◆ **Action item**: In the material below, write out each line word for word and omit the pictures.

◆ **Recorded information**:
+===+

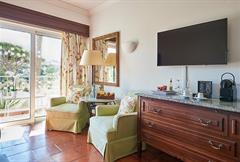 Interconnecting Classic Room with Golf or Sea View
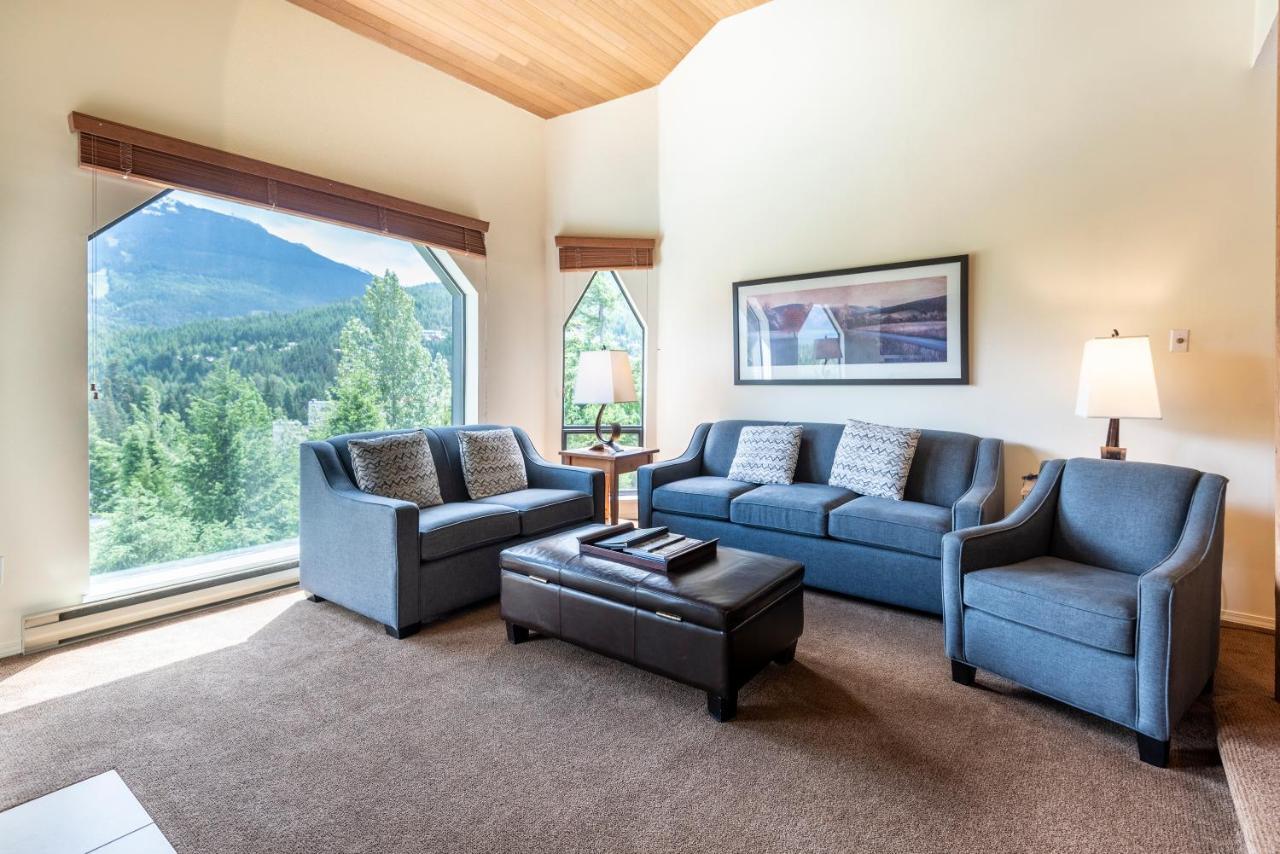 The Ironwood On Blueberry Hill Apartment Whistler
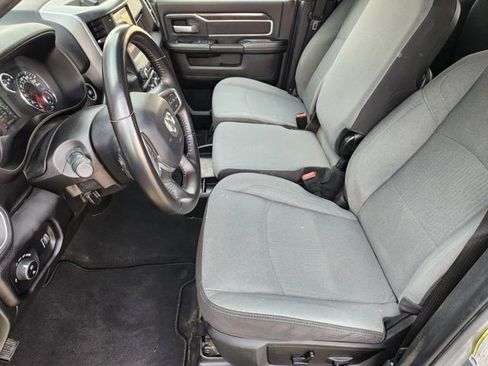 Used 2024 RAM 2500 Big Horn AWD/4WD image 12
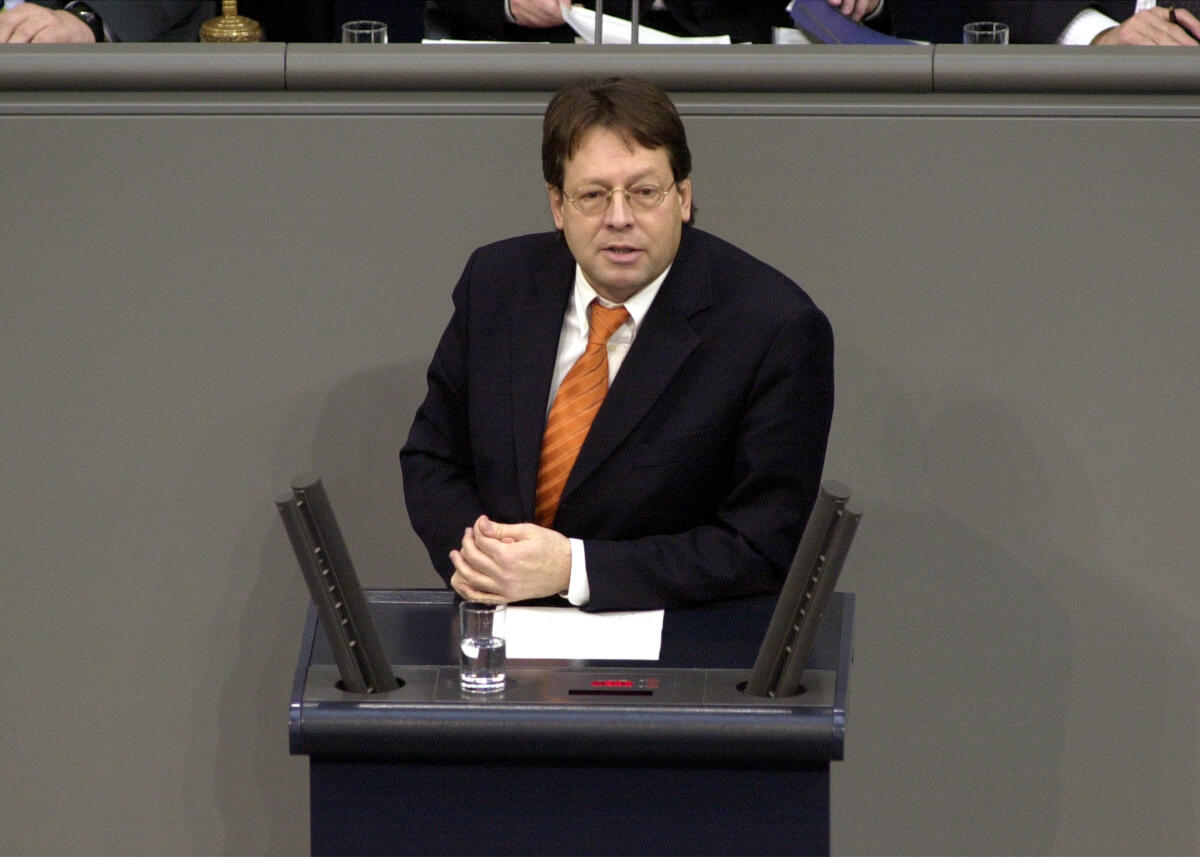 Dr. Ludger Volmer, Bündnis 90/Die Grünen, MdB, Rede im Deutschen Bundestag.; 10. Bundestagssitzung, TOP 3, Regierungserklärung, NATO-Gipfel und Aussprache Volmer, Ludger Dr. Ludger Volmer, Bündnis 90/Die Grünen, MdB, Rede im Deutschen Bundestag.; 10. Bundestagssitzung, TOP 3, Regierungserklärung, NATO-Gipfel und Aussprache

+===+

◆ **Task solution**:
 Interconnecting Classic Room with Golf or Sea View
 The Ironwood On Blueberry Hill Apartment Whistler
 Used 2024 RAM 2500 Big Horn AWD/4WD image 12
 Dr. Ludger Volmer, Bündnis 90/Die Grünen, MdB, Rede im Deutschen Bundestag.; 10. Bundestagssitzung, TOP 3, Regierungserklärung, NATO-Gipfel und Aussprache Volmer, Ludger Dr. Ludger Volmer, Bündnis 90/Die Grünen, MdB, Rede im Deutschen Bundestag.; 10. Bundestagssitzung, TOP 3, Regierungserklärung, NATO-Gipfel und Aussprache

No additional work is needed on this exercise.